Some of my bare-rooted arrivals are ‘Polka’ autumn fruiting raspberry canes (above) as I’m intrigued to see what differences there are between these fruits and my Autumn Bliss raspberries. I’m preparing the bed with garden compost and well-rotted manure and will now be sprinkling the roots with some mycorrhizal fungi (bought initially solely for the roses) to help the roots in establishing themselves (thanks Toby!). With all bare-rooted plants, soak the roots for 20-30 mins before planting and for raspberries, canes need to be spaced each about 40cms (16 inches) apart. Dig a generous hole, position the canes to be planted at the previous soil level, sprinkle the fungi powder over the roots and carefully backfill and firm the soil around the roots. Water in well and continue to water the plant should this unseasonably dry weather continue. There’s nothing more to do until Feb now, but click here for more detailed info on planting raspberries and how and when to cut back autumn fruiting raspberry canes in February.

Another welcome delivery is this Old Blush Climber rose. Unlike most other plants, you need to plant the graft union (the knobbly bit where the stems join the rootstock) a good inch below the soil level. Roses need good rich soil too, so mix in plenty of well-rotted manure into the soil and sprinkle the roots with mycorrhizal fungi before backfilling and firming the soil.

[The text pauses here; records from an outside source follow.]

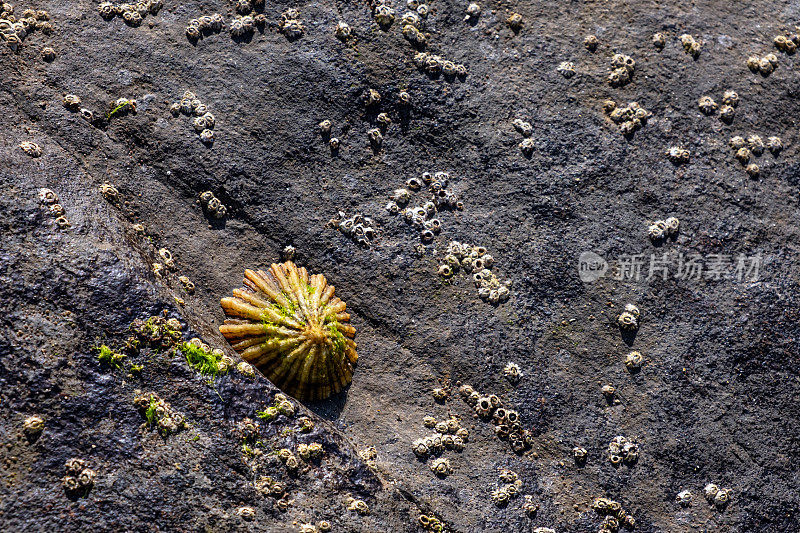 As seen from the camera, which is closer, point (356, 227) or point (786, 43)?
point (356, 227)

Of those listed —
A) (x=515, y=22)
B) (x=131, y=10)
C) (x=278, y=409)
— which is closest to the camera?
(x=278, y=409)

There’s still time to order roses, fruit bushes, fruit trees and all kinds of hedging as these can be delivered from November through until March, although the longer you leave it, the less choice there may be. Peter Beales supply great roses (and are very helpful on the phone) and this year I’ve ordered fruit canes from Victoriana Nursery , Ken Muir and Marshalls. The healthy looking privet (in top pic) was supplied by Hedge Nursey.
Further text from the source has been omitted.